Task instructions:
In the records below, repeat exactly the lines between the line holding "Una pallina bianca" and the line holding "Ugreen Wireless Charger", inclusive, and drop the pictures.

Material for this task:
┌────────

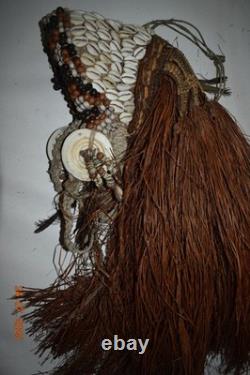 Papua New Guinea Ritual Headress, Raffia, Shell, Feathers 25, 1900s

└────────
┌────────

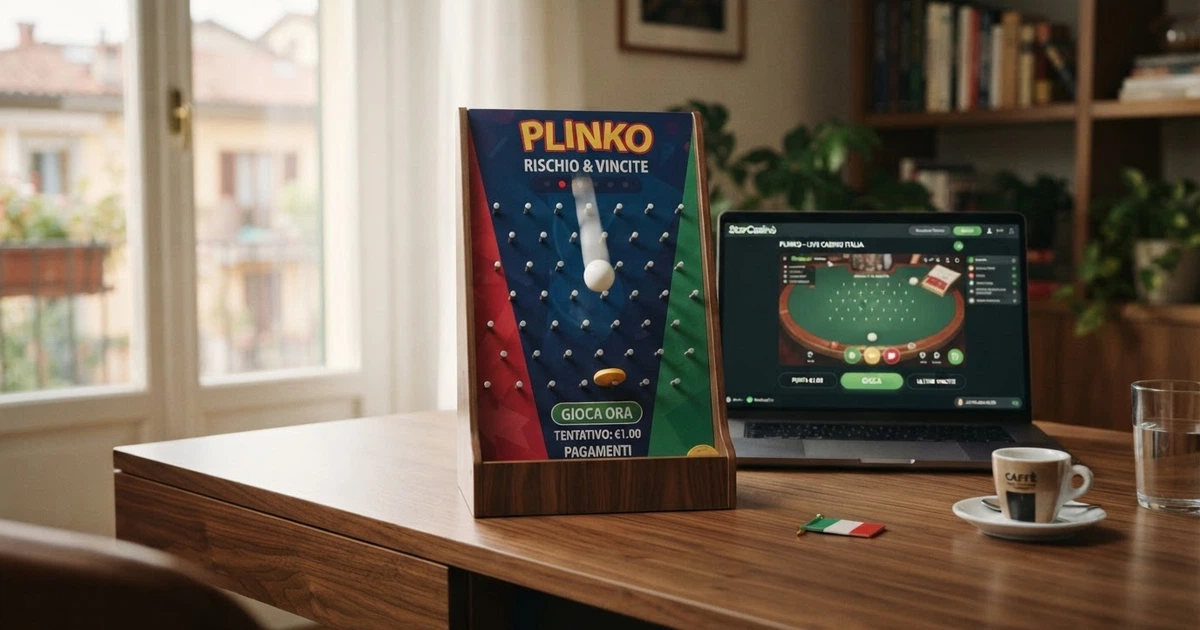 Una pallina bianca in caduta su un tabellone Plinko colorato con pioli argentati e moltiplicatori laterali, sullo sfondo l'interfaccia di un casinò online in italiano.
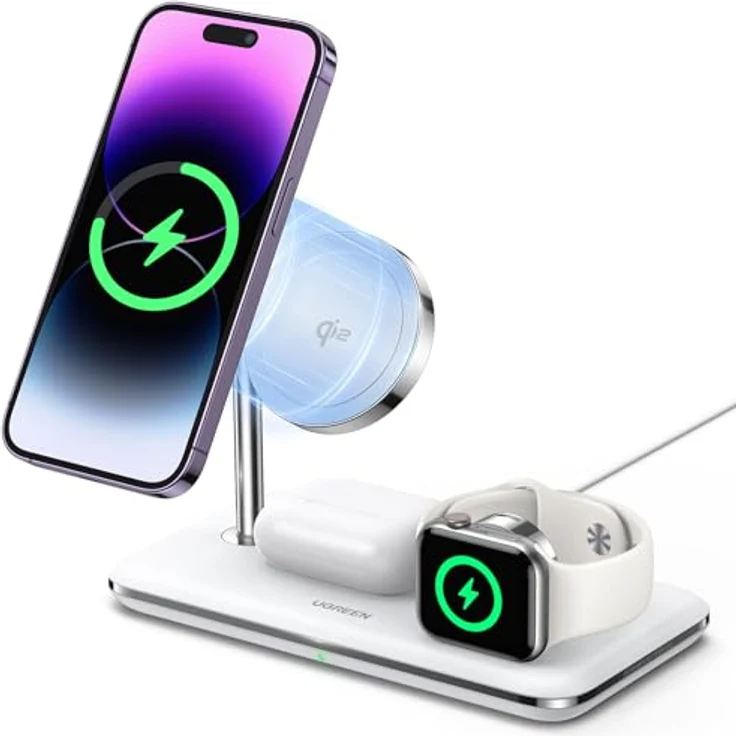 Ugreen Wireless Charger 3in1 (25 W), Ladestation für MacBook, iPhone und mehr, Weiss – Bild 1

└────────

Solution to this problem:
 Una pallina bianca in caduta su un tabellone Plinko colorato con pioli argentati e moltiplicatori laterali, sullo sfondo l'interfaccia di un casinò online in italiano.
 Ugreen Wireless Charger 3in1 (25 W), Ladestation für MacBook, iPhone und mehr, Weiss – Bild 1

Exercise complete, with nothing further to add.